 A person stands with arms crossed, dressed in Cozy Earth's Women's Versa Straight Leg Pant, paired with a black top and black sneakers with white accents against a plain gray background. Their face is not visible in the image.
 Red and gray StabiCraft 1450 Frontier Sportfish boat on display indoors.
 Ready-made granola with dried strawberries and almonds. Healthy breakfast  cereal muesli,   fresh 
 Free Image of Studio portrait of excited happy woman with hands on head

...

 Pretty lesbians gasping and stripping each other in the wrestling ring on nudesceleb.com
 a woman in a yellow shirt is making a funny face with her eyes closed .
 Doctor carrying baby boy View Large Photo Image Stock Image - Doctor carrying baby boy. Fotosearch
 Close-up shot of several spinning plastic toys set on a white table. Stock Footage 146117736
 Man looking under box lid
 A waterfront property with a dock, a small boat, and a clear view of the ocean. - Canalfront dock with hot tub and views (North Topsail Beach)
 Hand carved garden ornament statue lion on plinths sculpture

...

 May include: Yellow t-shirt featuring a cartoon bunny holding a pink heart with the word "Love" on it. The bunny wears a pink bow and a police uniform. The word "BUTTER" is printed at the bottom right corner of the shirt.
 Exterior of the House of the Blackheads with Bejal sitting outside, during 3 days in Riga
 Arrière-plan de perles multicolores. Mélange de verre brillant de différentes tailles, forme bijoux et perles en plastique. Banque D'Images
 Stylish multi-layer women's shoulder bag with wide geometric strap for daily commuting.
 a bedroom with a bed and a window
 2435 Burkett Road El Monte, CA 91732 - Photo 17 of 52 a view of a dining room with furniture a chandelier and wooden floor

> _What to do_
Copy the stretch of the records above that runs from the line with "A waterfront property" through the line with "Hand carved garden". Both end lines belong in the copy, and nothing else does.

> _Solved problem_
 A waterfront property with a dock, a small boat, and a clear view of the ocean. - Canalfront dock with hot tub and views (North Topsail Beach)
 Hand carved garden ornament statue lion on plinths sculpture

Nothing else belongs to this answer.